Mark 15:37-38
"37 Then Jesus uttered another loud cry and breathed his last. 38 And the curtain in the sanctuary of the Temple was torn in two, from top to bottom."
Today is Good Friday, traditionally a day of somber reflection on the death of Christ on a cross. I confess that I haven't always understood that. Yes, today is the day we remember that He died for our sins, and how horrible that death really was. But I have always felt excitement on this day. I'm the one who's looking forward to Sunday, to the day He rose from the dead; conquering death its self to free us from all of our sins.
Several years ago, Mel Gibson put out a movie about this time in Christs life, The Passion of The Christ so that people might identify with His suffering and see how it might have been. I can remember leaving the theater after watching this movie and seeing all of the shell shocked faces surrounding me. I wondered what might be wrong with them? Didn't they see it? Why weren't they shining with joy like I felt I was? Then it dawned on me, they did indeed miss my favorite part of the movie...the very last scene. What, you may ask was this last scene? In my humble opinion, the most beautiful part of Salvation: an empty tomb!

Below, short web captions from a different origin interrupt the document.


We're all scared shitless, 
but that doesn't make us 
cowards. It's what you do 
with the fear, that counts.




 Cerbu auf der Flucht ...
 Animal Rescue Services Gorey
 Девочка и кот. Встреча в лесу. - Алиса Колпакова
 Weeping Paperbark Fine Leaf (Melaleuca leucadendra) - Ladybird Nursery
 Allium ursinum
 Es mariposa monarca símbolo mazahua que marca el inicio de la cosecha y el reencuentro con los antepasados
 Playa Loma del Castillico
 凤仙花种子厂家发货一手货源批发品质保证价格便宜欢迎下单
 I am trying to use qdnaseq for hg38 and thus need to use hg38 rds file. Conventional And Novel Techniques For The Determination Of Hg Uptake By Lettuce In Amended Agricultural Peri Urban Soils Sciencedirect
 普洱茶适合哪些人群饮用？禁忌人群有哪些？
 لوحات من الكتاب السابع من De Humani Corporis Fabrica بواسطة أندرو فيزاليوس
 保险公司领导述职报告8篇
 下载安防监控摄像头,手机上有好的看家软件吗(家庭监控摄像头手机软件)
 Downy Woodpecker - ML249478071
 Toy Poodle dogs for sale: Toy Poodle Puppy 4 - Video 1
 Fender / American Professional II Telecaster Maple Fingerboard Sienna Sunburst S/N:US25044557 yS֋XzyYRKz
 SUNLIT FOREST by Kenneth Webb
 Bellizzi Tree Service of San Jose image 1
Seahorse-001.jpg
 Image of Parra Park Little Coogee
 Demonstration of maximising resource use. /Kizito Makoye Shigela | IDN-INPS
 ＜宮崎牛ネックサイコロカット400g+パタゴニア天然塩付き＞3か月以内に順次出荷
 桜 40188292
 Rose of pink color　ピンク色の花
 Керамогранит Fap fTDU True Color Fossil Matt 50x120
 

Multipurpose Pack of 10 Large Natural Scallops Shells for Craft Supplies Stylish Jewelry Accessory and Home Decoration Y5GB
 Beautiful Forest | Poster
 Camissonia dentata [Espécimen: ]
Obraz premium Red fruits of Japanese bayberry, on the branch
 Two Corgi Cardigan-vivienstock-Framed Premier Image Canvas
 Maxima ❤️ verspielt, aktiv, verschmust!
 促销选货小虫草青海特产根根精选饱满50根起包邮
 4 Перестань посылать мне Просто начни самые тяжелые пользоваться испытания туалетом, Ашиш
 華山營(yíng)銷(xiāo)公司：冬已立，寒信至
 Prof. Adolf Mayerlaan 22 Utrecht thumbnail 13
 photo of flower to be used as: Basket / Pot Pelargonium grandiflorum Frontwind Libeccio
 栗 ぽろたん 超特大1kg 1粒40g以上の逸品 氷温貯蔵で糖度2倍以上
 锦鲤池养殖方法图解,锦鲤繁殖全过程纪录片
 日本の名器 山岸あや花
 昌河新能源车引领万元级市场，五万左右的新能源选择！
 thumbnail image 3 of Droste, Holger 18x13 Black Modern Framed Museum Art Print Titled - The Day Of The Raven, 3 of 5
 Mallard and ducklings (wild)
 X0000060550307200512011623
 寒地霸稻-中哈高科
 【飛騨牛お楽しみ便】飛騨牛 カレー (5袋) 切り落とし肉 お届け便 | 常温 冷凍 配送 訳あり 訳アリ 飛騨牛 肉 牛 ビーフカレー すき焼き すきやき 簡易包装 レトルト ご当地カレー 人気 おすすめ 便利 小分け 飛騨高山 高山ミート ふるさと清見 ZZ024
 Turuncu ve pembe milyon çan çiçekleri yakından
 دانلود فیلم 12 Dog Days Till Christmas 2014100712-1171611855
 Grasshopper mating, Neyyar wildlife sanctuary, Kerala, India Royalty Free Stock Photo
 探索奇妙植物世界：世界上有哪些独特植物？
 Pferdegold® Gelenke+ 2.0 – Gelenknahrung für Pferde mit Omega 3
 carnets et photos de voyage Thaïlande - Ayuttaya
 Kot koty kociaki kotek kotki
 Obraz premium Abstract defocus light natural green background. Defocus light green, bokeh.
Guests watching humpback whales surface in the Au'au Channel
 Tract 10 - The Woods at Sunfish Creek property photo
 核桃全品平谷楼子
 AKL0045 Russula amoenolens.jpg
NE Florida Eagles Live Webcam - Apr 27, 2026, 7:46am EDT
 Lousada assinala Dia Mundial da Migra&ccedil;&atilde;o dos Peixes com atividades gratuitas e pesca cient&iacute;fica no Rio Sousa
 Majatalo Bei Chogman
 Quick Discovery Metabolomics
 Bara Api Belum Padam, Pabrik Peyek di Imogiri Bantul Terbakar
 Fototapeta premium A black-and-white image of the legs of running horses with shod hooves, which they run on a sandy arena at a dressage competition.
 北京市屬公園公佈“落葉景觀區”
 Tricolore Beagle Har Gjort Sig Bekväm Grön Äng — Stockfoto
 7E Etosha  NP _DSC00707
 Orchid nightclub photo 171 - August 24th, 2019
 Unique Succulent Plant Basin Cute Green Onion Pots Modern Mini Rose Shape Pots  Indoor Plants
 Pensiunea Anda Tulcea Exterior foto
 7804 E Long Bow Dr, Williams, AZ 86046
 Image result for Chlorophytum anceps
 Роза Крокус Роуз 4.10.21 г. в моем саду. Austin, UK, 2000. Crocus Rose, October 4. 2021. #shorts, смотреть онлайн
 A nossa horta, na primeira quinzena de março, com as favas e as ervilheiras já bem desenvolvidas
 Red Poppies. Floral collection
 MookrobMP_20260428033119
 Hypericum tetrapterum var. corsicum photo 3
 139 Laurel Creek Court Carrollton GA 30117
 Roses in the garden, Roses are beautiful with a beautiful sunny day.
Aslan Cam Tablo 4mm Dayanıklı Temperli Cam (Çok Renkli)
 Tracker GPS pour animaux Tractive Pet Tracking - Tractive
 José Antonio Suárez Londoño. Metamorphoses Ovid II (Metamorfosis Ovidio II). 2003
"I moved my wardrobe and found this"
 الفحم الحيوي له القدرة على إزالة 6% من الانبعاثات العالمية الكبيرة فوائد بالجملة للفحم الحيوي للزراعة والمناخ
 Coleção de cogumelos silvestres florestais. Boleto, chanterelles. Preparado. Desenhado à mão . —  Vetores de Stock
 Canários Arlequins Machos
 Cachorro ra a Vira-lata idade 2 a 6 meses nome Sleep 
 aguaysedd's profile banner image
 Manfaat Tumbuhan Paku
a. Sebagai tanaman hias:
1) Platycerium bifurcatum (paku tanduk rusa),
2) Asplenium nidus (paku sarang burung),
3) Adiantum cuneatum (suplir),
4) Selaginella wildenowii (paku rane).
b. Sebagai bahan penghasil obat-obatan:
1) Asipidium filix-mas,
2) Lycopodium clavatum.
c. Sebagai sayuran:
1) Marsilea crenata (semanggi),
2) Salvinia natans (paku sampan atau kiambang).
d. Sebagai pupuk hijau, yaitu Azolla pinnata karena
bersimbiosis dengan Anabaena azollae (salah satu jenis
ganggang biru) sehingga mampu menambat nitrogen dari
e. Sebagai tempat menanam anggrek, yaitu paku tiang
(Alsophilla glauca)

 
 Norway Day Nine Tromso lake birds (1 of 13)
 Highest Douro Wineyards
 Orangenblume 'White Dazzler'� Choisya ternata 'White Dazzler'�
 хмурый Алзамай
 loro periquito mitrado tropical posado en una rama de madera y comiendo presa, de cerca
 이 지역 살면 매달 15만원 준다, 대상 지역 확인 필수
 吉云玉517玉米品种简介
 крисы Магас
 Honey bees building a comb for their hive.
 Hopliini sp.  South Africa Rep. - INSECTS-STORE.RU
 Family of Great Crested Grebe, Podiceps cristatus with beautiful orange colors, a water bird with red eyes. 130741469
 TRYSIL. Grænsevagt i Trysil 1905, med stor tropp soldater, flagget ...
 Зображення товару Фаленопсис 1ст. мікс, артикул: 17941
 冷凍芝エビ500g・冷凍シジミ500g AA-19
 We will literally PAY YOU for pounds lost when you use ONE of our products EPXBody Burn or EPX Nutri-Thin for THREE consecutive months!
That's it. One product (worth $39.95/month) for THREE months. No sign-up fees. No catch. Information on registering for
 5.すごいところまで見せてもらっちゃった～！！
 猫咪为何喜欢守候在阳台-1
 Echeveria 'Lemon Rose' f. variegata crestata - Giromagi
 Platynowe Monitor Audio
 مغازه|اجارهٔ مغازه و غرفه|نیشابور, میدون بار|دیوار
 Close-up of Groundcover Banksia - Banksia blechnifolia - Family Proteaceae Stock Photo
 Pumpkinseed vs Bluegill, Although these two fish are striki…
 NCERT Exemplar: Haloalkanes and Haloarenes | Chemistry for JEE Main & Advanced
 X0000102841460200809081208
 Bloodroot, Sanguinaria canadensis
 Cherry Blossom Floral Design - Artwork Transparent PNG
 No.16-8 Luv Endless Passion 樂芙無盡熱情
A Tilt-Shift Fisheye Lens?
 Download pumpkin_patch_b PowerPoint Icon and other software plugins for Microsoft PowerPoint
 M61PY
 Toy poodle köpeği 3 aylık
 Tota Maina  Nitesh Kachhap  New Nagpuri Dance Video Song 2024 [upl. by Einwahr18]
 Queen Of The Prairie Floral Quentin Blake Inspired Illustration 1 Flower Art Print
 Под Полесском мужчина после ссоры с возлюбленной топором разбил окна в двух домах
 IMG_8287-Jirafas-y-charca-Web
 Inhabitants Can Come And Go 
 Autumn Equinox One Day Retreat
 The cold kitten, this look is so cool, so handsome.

That empty tomb is really what my picture of salvation is. I see the light shining on that gloriously empty tomb and do a happy dance! He did it! He rose from the grave, FOR ME! I am now free, and my joy is over whelming! I'm so glad that I have been saved from myself that I can't be anything BUT grateful on this, Good Friday.
I've been thinking a lot about that torn curtain lately; to me it is a symbol of all the things in my life that separate me from God; and how in that one moment that barrier was torn down. Can you see it in your head? That curtain; in the Bible, was separating the inner sanctuary from the Holy of Hollies, where no one was allowed to go, because God dwelt there. It's often said in the Bible, that if you saw God face to face you would surely die. But that day, when Jesus gave up His life, we were no longer separate from God. We could now be welcomed as His children into His loving arms.
As I sit here writing these words, I have a soft smile on my face. A peace that belongs anywhere but in THIS world; but it comes from knowing that I too will get to see Him face to face one day and I just can't wait for that day to happen.
Thank You so much Jesus, for dying for my sins. I praise Your name that the curtain is no longer separating me from You and that the tomb is gloriously empty!